UW–Madison, Madison College launch global studies partnership
Understanding different political systems, languages, customs and cultures is essential for conducting business in today’s society, says Rebecca Waraczynski, who is pursuing an associate’s degree in marketing at Madison Area Technical College (Madison College).
Waraczynski, who studied in Germany through a Madison College program, is seeking to further broaden her understanding of world regions and global systems through a new partnership with the University of Wisconsin–Madison.
Starting this spring, the Global Studies Passport Program will offer opportunities and incentives for Madison College students to enroll in select international and area studies courses at UW–Madison. These courses are aimed at helping them appreciate how their own futures and the economies and cultures of Wisconsin and the United States intersect with realities of the larger world.
The program is open only to students enrolled in Madison College’s Interdisciplinary Global Studies Certificate program. Course credits earned through the program can be transferred back to Madison College and applied toward associate degrees or certificate requirements.

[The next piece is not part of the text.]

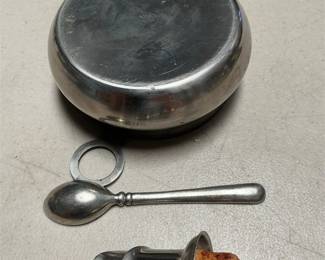 Selandia 449 Stainless Bowl, Spoon & Bottle Pourer (3/6)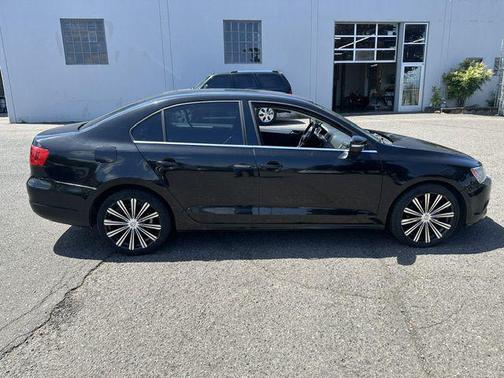 Black Uni 2013 Volkswagen Jetta SE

The two institutions developed the Global Studies Passport Program through a collaboration that involved the UW–Madison International Division and the area studies centers within the division’s Institute for Regional and International Studies (IRIS), and Madison College’s Center for International Education and School of Arts and Sciences.
“Some of the world’s leading figures in international studies are here at UW–Madison. We are delighted to offer Madison College students opportunities to learn from them.”
Registrars from both institutions, as well as UW–Madison’s Adult Career and Special Student Services, also worked together to help make the initiative possible.
“This partnership satisfies an ambition we’ve long had in our area studies centers to extend the instructional reach of UW–Madison’s world area experts to more residents of Wisconsin,” says James Delehanty, IRIS executive director. “Some of the world’s leading figures in international studies are here at UW–Madison. We are delighted to offer Madison College students opportunities to learn from them.”
“This program represents a new level of collaboration between our institutions to provide students with the global knowledge and skills needed today,” says Geoff Bradshaw, Madison College’s international education director. “Our hope is that this program will not only allow for expanded opportunities for students in our Global Studies Certificate, but also help students explore more advanced degrees and careers by taking advantage of the enormous resources for global learning afforded by UW–Madison’s Institute for Regional and International Studies.”
Support for this partnership is being provided in part through the U.S. Department of Education’s Title VI program, which provides funding for the area studies centers at UW–Madison. The federal priorities for Title VI programs include improving collaborations with community colleges to bring the advantages of regional and global study to more students at the postsecondary level.
“We are excited to offer Madison College students this opportunity to take language and international courses that would not otherwise be offered at a community college level,” says Todd Stebbins, dean of Madison College’s School of Arts and Sciences. “This agreement reflects our ongoing commitment to partnering with UW–Madison to increase opportunities for students.”
“I am excited to pioneer this program and have access to the knowledge and global perspectives that each school brings to the table.”
“This kind of initiative speaks to our commitment to the Wisconsin Idea and our mission to promote global awareness and prepare students for a diverse and interconnected world,” says Guido Podestá, vice provost and dean of the International Division. “We hope that this experience will inspire more Madison College students to continue pursuing their international interests, perhaps in one of our programs at UW–Madison.”
Madison College students participate in the program by enrolling in selected courses through UW–Madison’s special student program. They are subject to special student tuition and regulations. Enrollment in this program does not constitute admission to a degree program at UW–Madison.
Madison College, the second-largest school in the Wisconsin Technical College System, serves more than 40,000 students throughout a 12-county district in south-central Wisconsin. It is the greatest source of transfer students to UW–Madison.
“I am excited to pioneer this program,” says Waraczynski, “and have access to the knowledge and global perspectives that each school brings to the table. My only wish was to have been able to do this sooner.”